The NY Times is a "city slicker" newspaper as it focuses on Mayor Bloomberg's paternalism over big gulp sugar drinks and debates whether San Francisco is becoming uncool as it attracts too man Twitter type firms. But, today it turns its attention rural Ohio and discusses the windfall that land owners there are collecting as energy companies seek to access the land. The article hints that the rural folk may not understand the fine print of the contract they signed and that there will be nasty environmental externalities (such as polluted water) caused by the new drilling.
A free market guy might counter that these energy companies have an incentive for developing a reputation as a good safe neighbor because if their operations create a mess then they will have more trouble buying land at the next rural town they seek to enter.
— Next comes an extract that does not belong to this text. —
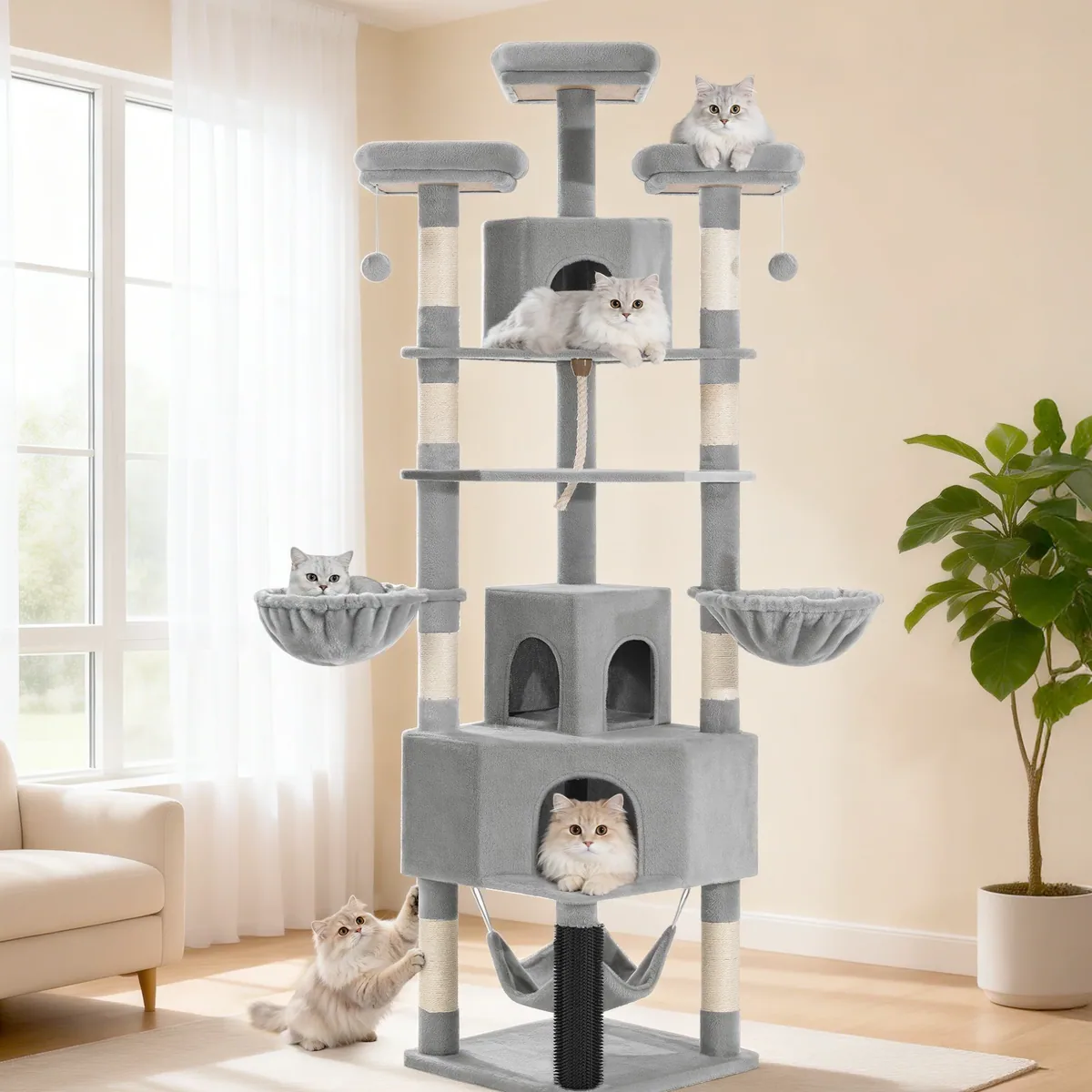 Arbre à chat en chanvre à trois niveaux avec grottes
The other interesting point here is "ideology". Are the people of rural Ohio Republicans? It has been suggested to me that libertarian/Republicans are more comfortable with the idea that land should be used to extract resources than liberal/environmentalists who seek to "conserve" land. This ideological difference in vision concerning the stewardship of land (if true), could create an interesting spatial map that liberal/environmentalists will live in protected areas featuring high home prices while republican areas will be mined and extracted areas and that this separating equilibrium will reflect both a residential sorting effect and a "treatment effect" (due to differences in zoning and public policies).